In a particularly preferred embodiment, the current noise situation is determined depending on location and time by means of a characteristic noise map. The characteristic noise map is also referred to as a characteristic parameter map or as a sound map. The characteristic noise map thus in general contains the noise situation at a specific location and time, and is thus, in particular, a data record or a catalog. “Function” here also refers to a tabular assignment. The noise situation itself does not here have to be stored directly in the characteristic noise map; what is important rather is that the characteristic noise map for a given location and for a given time contains information for determination of the noise situation, i.e. a parameter which is related to the noise situation. The parameter is also referred to as the situation parameter which allows the associated noise situation to be determined on the basis of the concrete value of the parameter. Alternatively or in addition, the noise situation is itself contained depending on location and on time as information in the characteristic noise map. Through the characteristic noise map, the noise situation at the corresponding location is directly or indirectly stored at different times, in particular at each time, and is thus known in advance. With the knowledge of the current time, the noise situation can then be determined from the characteristic noise map. Previously accumulated experience is preferably evaluated for this purpose, i.e. the knowledge of what noise situation is present at what time and at what location. This knowledge then permits an immediate, optimum program selection, in particular even when the user has never previously entered a particular location at a particular time.
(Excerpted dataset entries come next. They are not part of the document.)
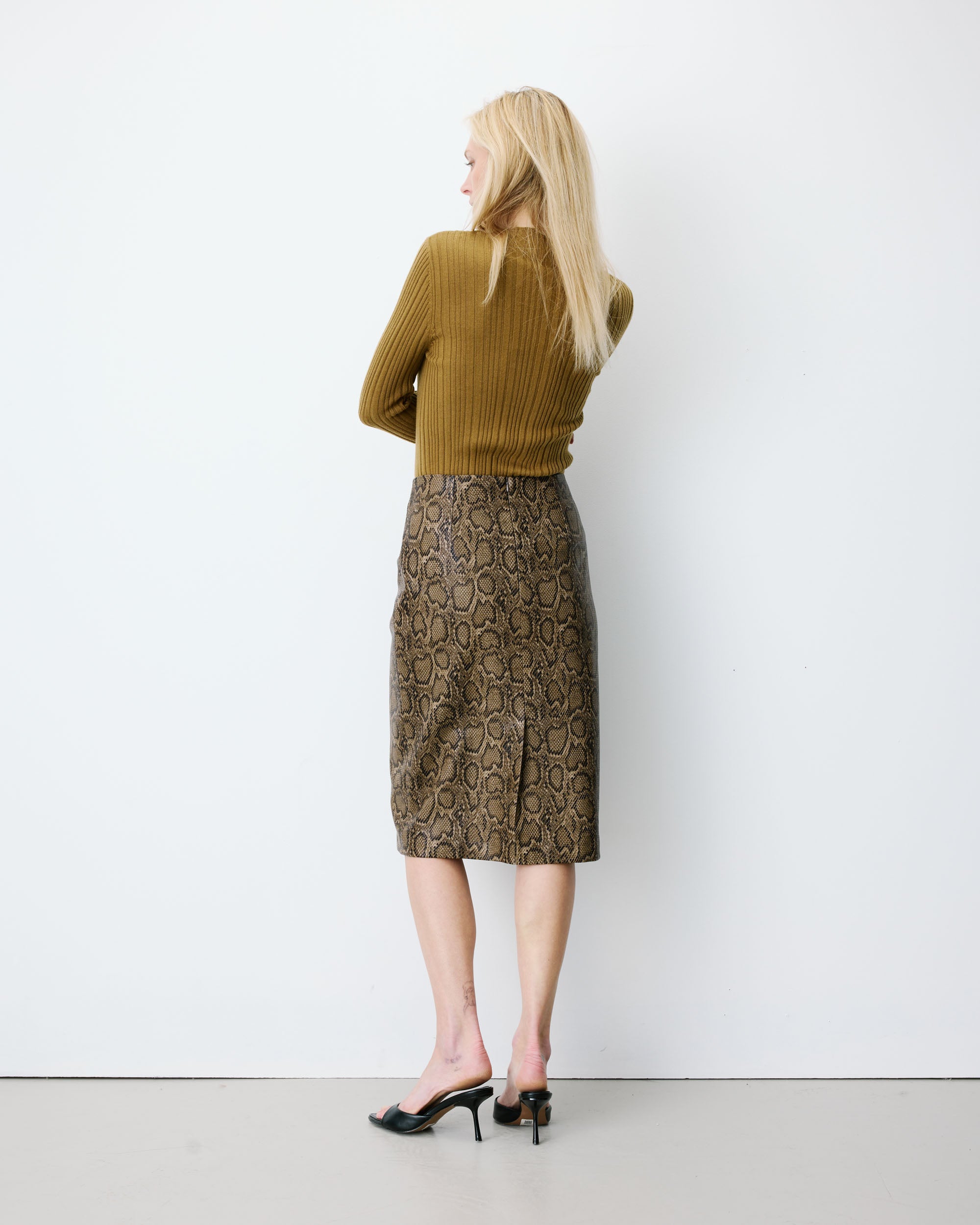 Falda lápiz de polipiel python Acacia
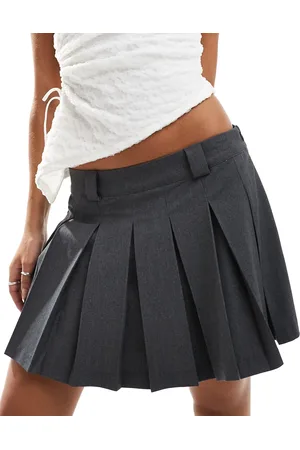 Monki Pleated mini skirt with raw hem in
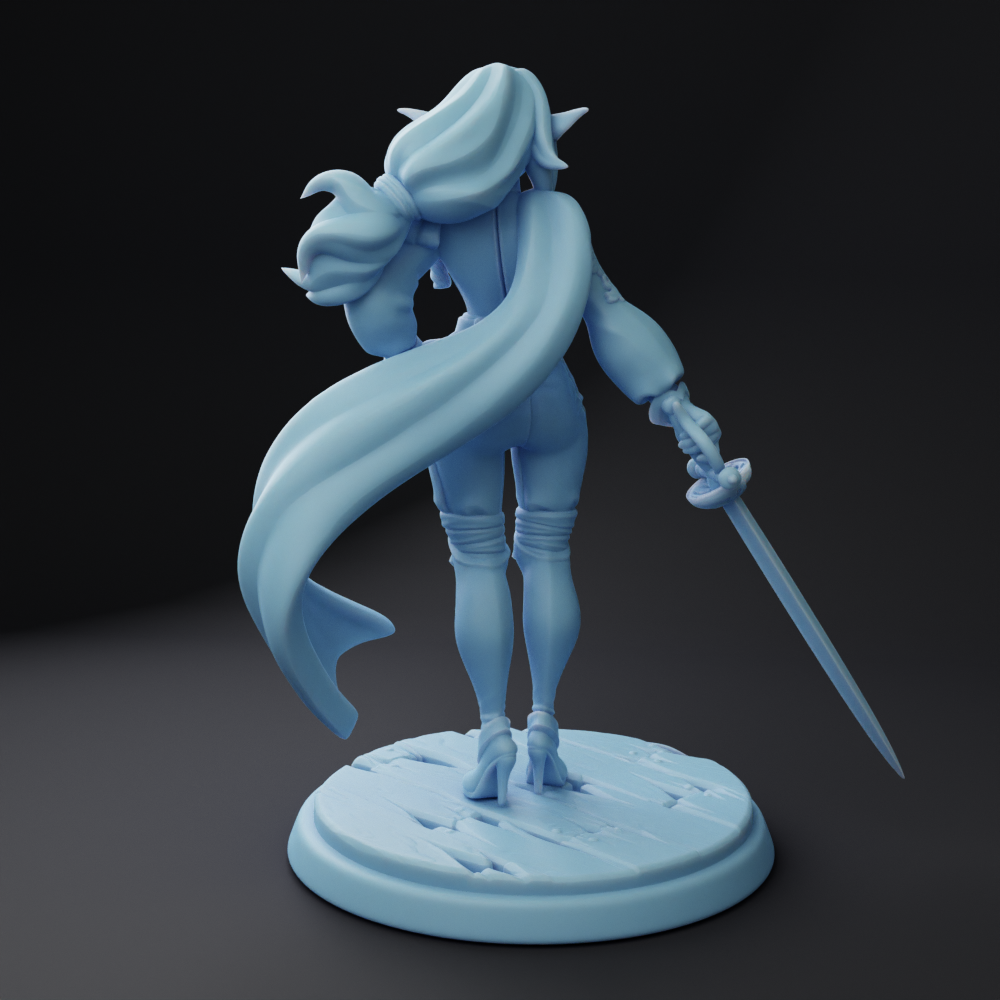 Twin Goddess Miniatures - Admiral Karina, Space-elf Duelist - Starjammer Adventures in Space 2022 August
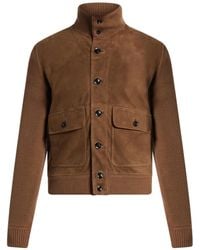Tom Ford - Geknöpfte Jacke Mit Einsätzen - Lyst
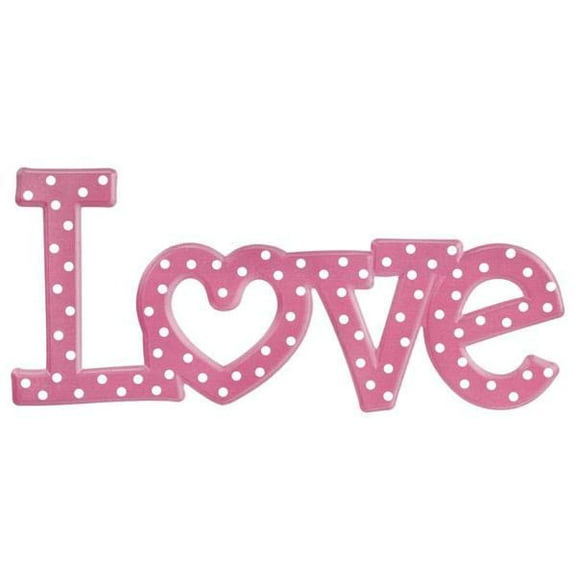 Valentines"Love" Metal Polka Dots Door Wreath Sign: 13.5 inches x 6 inches - MD104722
In a particularly preferred embodiment, the location is determined by coordinates, so that the program is selected depending on the location with reference to the concrete location of the user. The location is here, in particular, characterized by two coordinates, preferably the geographical longitude and latitude. In one variant, the location is also additionally characterized by a height, and thus by a total of three coordinates. The coordinates are preferably GPS coordinates or similar data.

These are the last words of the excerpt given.